[Records from a collection]
◆ ◆ ◆ ◆ ◆ ◆ ◆
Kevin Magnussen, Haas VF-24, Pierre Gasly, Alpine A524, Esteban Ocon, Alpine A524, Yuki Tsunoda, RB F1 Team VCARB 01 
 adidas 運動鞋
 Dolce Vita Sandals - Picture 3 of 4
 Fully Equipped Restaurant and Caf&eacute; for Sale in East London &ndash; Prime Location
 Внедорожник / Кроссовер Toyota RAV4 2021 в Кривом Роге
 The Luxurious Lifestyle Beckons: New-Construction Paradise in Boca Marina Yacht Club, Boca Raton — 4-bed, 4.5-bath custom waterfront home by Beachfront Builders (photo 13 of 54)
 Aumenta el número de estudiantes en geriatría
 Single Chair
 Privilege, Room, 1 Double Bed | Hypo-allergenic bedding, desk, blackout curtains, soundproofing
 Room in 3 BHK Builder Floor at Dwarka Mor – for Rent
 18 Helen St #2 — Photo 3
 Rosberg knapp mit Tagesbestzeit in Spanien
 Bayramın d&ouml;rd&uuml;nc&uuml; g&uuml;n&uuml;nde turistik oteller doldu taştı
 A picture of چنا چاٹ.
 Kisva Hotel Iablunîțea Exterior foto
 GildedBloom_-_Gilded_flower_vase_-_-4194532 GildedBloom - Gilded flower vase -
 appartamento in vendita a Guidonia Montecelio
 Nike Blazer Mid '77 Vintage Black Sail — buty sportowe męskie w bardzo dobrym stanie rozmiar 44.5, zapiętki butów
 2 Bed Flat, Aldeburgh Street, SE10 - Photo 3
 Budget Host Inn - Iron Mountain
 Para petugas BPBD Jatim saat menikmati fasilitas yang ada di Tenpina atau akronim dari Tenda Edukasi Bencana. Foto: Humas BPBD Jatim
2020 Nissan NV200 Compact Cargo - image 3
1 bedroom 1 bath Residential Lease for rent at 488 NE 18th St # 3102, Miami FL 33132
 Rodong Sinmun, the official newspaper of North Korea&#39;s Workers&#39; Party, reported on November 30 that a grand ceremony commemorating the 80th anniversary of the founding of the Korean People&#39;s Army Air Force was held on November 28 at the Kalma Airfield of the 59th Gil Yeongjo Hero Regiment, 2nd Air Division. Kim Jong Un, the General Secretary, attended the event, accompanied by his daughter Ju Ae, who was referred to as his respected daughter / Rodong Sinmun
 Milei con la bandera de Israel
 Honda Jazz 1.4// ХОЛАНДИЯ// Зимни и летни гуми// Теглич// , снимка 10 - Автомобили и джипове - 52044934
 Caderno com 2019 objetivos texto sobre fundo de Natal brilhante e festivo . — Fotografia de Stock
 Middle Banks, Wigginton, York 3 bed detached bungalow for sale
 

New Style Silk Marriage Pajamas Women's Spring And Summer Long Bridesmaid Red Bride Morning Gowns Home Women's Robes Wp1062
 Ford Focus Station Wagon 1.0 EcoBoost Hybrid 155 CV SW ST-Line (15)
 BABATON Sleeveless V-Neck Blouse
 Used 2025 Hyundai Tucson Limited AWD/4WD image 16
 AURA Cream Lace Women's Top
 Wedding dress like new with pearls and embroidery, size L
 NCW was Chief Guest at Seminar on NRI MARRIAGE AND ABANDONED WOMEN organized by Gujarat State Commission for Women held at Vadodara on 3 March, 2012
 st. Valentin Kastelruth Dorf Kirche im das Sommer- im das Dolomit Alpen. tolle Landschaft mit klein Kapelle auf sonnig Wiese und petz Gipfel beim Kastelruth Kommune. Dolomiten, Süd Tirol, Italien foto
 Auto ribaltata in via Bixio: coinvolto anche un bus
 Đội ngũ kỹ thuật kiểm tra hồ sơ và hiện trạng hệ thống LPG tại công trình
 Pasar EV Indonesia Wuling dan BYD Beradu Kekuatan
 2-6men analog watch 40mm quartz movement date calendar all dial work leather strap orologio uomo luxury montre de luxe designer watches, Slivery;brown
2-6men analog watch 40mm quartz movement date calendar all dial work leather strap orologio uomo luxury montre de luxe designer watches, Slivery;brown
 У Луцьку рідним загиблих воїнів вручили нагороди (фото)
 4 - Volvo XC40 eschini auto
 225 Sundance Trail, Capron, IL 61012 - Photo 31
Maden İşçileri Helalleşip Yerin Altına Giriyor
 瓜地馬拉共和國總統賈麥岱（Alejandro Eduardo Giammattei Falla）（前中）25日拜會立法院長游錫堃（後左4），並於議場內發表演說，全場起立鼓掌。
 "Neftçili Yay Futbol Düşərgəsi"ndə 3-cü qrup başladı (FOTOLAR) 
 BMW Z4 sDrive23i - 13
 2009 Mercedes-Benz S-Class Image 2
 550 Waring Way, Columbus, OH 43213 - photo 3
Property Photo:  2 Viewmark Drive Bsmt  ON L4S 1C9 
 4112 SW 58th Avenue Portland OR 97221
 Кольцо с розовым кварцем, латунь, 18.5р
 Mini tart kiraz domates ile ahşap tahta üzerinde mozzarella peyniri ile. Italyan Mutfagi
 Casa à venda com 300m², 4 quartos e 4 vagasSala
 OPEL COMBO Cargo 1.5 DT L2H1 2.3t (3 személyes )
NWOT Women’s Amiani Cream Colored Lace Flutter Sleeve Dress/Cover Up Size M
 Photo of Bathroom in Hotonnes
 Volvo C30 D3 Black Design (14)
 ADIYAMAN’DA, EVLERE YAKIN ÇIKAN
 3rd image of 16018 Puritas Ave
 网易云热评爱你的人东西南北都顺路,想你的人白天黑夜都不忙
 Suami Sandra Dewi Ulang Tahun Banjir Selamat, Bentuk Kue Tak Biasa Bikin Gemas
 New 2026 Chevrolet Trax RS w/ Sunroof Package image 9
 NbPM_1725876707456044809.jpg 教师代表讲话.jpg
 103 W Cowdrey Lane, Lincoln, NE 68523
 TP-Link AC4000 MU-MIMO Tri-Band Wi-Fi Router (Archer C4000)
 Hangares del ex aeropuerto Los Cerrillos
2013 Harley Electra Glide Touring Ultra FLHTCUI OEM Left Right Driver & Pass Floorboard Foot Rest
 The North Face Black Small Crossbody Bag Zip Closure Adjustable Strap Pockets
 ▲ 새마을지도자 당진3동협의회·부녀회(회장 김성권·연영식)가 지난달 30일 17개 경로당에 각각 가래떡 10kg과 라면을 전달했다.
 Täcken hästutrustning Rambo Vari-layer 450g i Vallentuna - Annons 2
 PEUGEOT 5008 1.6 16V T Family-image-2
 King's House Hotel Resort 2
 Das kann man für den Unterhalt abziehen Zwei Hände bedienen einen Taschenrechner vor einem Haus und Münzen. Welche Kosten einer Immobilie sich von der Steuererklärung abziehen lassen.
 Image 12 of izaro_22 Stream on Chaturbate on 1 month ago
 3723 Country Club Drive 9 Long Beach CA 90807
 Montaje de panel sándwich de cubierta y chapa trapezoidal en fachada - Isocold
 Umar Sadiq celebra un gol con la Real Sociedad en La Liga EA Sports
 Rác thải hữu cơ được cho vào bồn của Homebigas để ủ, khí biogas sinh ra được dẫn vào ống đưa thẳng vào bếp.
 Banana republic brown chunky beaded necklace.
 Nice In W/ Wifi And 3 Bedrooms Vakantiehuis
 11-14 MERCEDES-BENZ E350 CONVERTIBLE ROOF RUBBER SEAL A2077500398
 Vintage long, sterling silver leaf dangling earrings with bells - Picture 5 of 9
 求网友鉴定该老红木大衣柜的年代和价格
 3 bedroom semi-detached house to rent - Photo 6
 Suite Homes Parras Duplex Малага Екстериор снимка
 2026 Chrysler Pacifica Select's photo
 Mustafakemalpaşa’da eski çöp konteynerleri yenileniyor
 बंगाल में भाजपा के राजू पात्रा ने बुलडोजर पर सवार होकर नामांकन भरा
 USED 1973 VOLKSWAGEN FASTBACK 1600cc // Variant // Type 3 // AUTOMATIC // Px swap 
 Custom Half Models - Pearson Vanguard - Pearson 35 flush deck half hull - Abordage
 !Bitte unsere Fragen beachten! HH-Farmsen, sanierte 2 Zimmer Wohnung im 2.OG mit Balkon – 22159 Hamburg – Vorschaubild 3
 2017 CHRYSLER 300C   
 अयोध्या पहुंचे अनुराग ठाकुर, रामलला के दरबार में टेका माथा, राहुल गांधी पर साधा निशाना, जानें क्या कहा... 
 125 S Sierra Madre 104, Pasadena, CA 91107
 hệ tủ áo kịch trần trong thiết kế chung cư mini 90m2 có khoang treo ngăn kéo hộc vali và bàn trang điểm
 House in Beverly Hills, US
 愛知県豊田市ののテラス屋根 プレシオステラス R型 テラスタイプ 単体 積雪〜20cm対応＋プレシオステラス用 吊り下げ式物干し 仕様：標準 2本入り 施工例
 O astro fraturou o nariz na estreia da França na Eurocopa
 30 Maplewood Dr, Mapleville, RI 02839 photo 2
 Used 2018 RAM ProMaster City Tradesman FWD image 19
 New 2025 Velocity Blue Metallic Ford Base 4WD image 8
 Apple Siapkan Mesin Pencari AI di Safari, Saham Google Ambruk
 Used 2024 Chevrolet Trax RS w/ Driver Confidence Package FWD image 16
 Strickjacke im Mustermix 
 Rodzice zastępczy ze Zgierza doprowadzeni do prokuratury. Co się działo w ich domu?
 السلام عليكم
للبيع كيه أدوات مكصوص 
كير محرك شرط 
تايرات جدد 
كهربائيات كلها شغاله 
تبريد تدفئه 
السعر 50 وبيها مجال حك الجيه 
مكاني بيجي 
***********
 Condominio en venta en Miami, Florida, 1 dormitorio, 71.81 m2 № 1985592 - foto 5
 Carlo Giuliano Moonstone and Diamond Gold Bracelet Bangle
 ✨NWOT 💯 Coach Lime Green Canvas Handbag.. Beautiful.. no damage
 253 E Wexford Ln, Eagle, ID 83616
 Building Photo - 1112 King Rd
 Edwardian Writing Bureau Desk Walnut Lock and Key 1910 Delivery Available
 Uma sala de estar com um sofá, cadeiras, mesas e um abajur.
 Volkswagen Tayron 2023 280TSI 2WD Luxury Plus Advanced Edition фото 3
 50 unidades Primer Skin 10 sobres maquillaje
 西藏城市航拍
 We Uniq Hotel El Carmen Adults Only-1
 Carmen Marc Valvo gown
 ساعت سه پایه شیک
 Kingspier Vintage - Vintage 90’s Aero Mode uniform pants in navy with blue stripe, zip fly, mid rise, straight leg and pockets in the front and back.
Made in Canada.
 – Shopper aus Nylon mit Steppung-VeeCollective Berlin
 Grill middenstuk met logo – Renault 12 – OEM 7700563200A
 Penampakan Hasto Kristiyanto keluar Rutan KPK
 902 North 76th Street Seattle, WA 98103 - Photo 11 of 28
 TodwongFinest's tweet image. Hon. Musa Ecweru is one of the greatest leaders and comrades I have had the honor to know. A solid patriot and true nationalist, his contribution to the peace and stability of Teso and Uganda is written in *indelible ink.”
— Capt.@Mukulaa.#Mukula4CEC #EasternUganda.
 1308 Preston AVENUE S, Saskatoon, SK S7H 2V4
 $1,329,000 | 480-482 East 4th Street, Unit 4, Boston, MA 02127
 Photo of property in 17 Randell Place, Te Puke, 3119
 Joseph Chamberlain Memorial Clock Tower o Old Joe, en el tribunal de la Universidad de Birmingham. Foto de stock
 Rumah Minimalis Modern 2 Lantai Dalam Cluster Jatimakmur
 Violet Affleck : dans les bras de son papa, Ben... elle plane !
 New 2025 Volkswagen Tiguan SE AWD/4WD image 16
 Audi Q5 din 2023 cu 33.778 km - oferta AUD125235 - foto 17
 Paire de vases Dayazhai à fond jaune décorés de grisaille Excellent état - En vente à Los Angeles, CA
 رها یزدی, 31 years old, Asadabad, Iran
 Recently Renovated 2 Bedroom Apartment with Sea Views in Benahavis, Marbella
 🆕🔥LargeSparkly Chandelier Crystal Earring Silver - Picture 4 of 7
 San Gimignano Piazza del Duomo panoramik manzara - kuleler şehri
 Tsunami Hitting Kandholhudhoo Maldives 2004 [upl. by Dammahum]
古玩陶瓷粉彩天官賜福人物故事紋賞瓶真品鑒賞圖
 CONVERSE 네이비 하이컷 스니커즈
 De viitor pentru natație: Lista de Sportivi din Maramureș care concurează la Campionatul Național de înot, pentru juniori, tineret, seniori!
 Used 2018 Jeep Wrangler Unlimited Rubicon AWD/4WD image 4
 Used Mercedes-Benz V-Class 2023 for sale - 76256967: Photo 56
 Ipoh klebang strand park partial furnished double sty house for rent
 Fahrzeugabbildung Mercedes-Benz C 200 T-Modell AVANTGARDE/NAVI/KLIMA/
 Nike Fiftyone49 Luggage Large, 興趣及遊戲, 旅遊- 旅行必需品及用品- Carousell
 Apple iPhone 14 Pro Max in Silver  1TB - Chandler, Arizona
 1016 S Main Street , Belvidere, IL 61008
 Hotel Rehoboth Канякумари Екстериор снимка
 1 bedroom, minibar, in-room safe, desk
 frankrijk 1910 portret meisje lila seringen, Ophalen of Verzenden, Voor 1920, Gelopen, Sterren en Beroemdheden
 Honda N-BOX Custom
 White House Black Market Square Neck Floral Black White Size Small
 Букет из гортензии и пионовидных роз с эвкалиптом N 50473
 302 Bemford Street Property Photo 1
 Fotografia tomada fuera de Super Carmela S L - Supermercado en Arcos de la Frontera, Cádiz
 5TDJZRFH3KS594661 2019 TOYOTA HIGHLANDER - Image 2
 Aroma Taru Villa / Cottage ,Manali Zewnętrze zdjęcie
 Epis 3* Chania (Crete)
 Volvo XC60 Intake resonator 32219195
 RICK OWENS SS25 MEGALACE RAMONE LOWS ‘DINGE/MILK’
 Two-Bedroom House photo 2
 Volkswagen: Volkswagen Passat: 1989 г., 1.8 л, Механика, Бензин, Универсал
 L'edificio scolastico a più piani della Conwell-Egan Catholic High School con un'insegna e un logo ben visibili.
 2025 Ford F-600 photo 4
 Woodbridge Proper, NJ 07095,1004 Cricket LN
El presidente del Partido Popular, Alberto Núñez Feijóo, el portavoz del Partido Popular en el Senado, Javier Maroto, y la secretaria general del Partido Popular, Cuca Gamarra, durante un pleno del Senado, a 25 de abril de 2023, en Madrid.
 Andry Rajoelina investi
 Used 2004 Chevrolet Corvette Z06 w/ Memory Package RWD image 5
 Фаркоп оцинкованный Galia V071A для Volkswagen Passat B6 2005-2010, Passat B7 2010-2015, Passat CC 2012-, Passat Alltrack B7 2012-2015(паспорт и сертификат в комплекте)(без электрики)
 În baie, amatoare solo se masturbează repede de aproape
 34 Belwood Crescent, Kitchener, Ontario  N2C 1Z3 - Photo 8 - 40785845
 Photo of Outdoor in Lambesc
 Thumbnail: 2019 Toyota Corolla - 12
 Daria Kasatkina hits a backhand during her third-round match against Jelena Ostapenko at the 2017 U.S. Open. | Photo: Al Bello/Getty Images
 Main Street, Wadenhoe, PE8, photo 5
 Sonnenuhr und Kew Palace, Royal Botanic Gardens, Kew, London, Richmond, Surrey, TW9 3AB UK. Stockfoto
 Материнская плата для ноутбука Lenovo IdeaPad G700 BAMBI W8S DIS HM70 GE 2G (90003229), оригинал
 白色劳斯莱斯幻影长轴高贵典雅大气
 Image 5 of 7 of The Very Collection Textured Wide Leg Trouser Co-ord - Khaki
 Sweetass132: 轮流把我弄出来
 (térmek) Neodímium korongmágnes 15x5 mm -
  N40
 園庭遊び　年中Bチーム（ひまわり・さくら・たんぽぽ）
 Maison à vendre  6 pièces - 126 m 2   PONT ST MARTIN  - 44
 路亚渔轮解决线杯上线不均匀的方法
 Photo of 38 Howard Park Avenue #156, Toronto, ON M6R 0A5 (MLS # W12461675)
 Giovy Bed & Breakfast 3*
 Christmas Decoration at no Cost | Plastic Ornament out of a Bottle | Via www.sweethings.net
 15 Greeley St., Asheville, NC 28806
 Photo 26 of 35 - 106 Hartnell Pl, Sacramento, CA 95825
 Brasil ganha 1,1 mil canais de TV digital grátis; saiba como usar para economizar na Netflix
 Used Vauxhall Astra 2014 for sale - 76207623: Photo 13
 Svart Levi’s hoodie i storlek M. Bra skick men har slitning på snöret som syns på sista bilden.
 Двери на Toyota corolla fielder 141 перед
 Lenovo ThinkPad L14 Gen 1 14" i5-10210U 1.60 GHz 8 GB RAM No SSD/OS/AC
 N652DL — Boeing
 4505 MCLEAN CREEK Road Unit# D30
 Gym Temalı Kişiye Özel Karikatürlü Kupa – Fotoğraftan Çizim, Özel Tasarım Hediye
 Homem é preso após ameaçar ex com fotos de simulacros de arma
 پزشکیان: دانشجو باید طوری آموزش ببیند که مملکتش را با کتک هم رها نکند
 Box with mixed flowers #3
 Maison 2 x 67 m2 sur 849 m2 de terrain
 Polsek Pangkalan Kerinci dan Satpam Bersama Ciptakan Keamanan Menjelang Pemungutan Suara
◆ ◆ ◆ ◆ ◆ ◆ ◆
From the records above, print exactly the lines that run from the line with "Материнская плата для" to the line with "園庭遊び　年中Bチーム（ひまわり・さくら・たんぽぽ）", inclusive.

 Материнская плата для ноутбука Lenovo IdeaPad G700 BAMBI W8S DIS HM70 GE 2G (90003229), оригинал
 白色劳斯莱斯幻影长轴高贵典雅大气
 Image 5 of 7 of The Very Collection Textured Wide Leg Trouser Co-ord - Khaki
 Sweetass132: 轮流把我弄出来
 (térmek) Neodímium korongmágnes 15x5 mm -
  N40
 園庭遊び　年中Bチーム（ひまわり・さくら・たんぽぽ）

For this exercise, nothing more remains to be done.